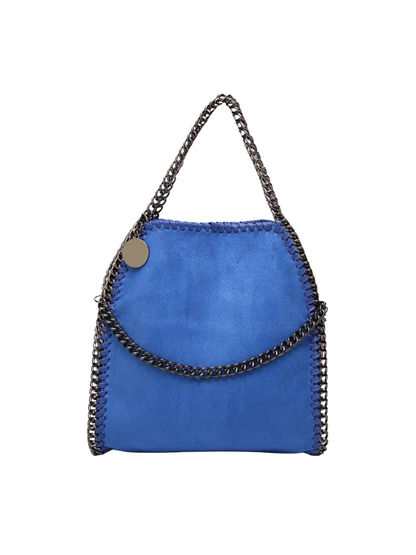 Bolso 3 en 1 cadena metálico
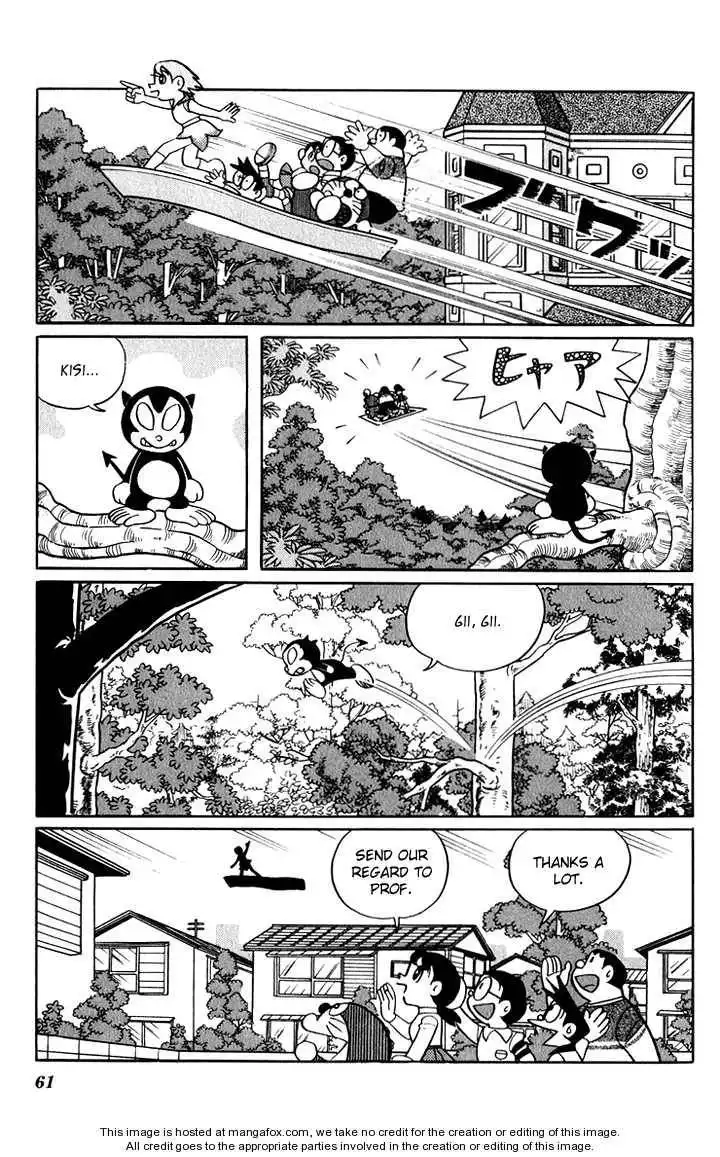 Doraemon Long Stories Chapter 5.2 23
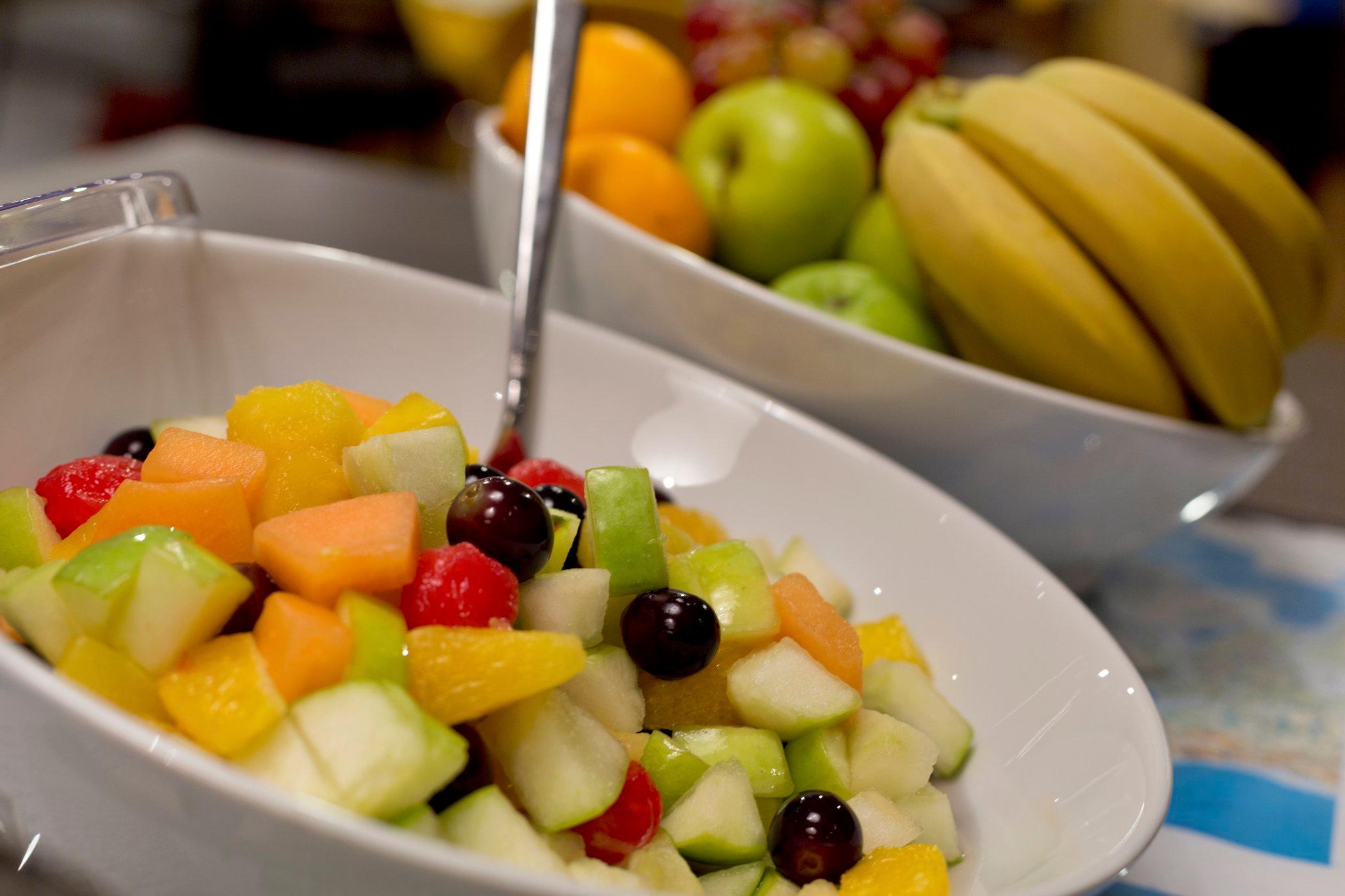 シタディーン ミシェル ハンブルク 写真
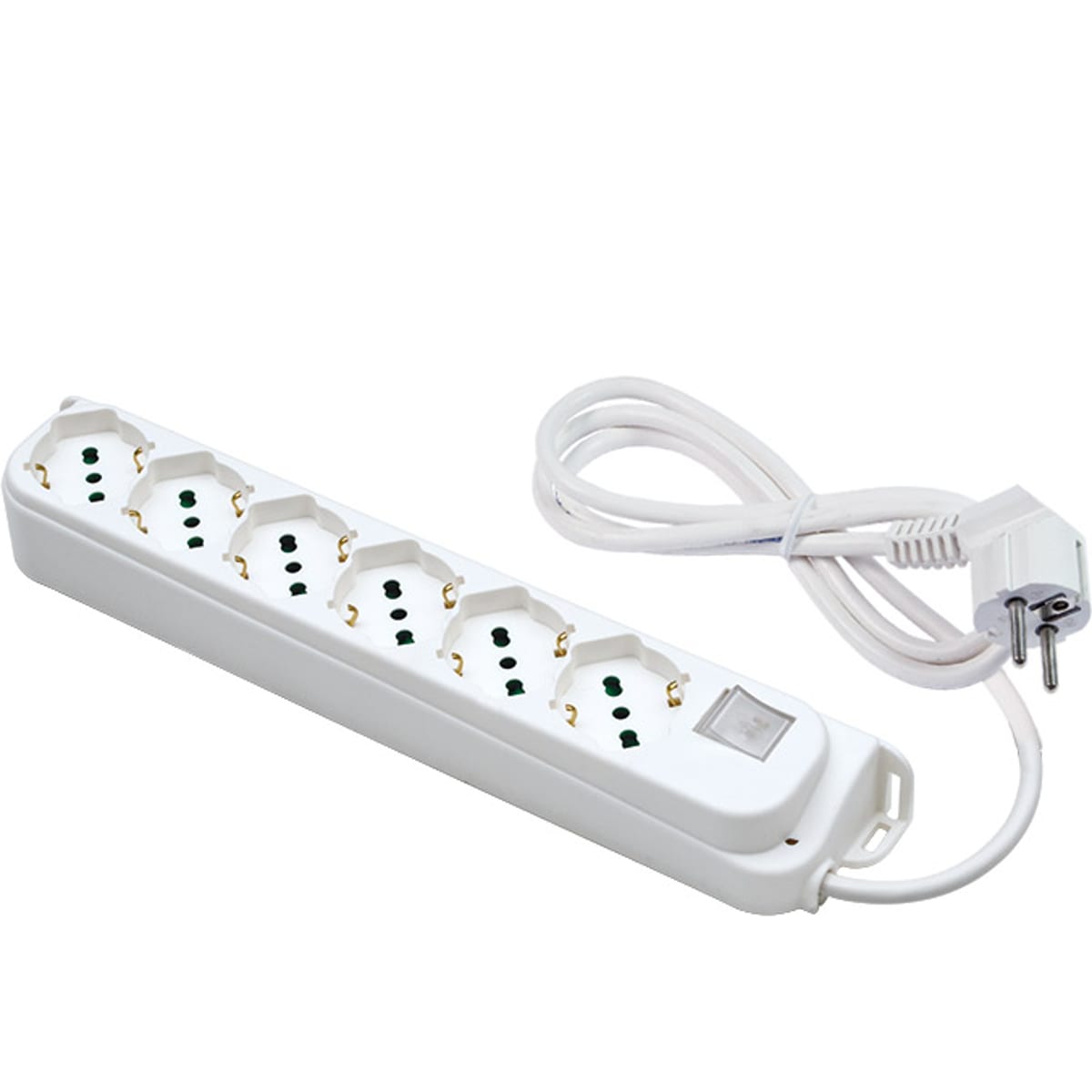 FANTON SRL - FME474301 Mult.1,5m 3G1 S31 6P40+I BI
···
#### [Problem details]
From the first line to the last, retype the material exactly and exclude the pictures.

#### [Solution to this exercise]
 Bolso 3 en 1 cadena metálico
 Doraemon Long Stories Chapter 5.2 23
 シタディーン ミシェル ハンブルク 写真
 FANTON SRL - FME474301 Mult.1,5m 3G1 S31 6P40+I BI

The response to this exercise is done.